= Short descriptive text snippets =
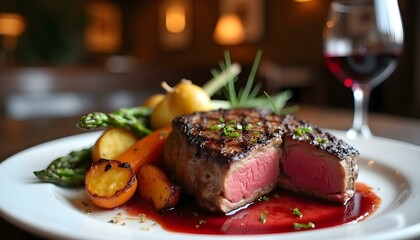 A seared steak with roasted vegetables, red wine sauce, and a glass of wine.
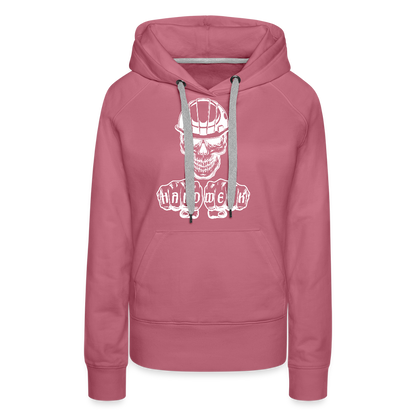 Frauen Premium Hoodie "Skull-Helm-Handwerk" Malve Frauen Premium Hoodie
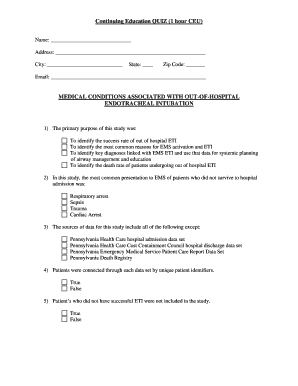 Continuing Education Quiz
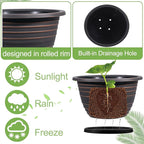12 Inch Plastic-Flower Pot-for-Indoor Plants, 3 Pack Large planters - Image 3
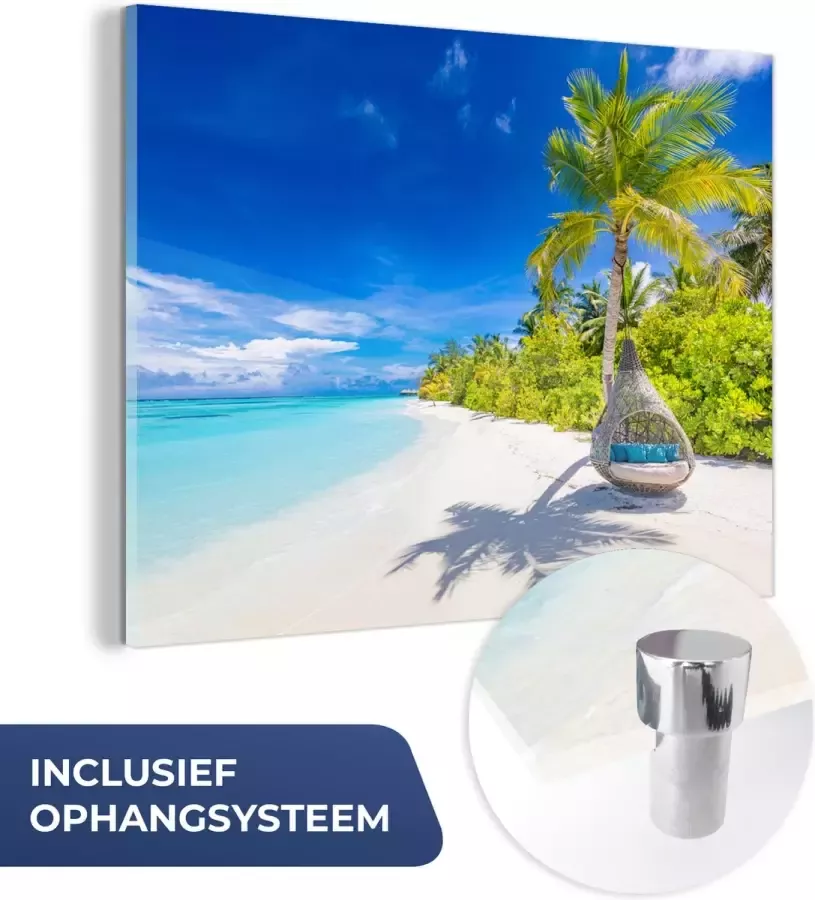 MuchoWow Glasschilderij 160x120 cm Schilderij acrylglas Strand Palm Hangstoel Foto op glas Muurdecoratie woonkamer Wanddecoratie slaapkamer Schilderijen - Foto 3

= Instructions for the task =
The answer should contain only the lines from the start of the records above through the line with "12 Inch Plastic-Flower", copied exactly, and no pictures.

= Response to this task =
 A seared steak with roasted vegetables, red wine sauce, and a glass of wine.
 Frauen Premium Hoodie "Skull-Helm-Handwerk" Malve Frauen Premium Hoodie
 Continuing Education Quiz
12 Inch Plastic-Flower Pot-for-Indoor Plants, 3 Pack Large planters - Image 3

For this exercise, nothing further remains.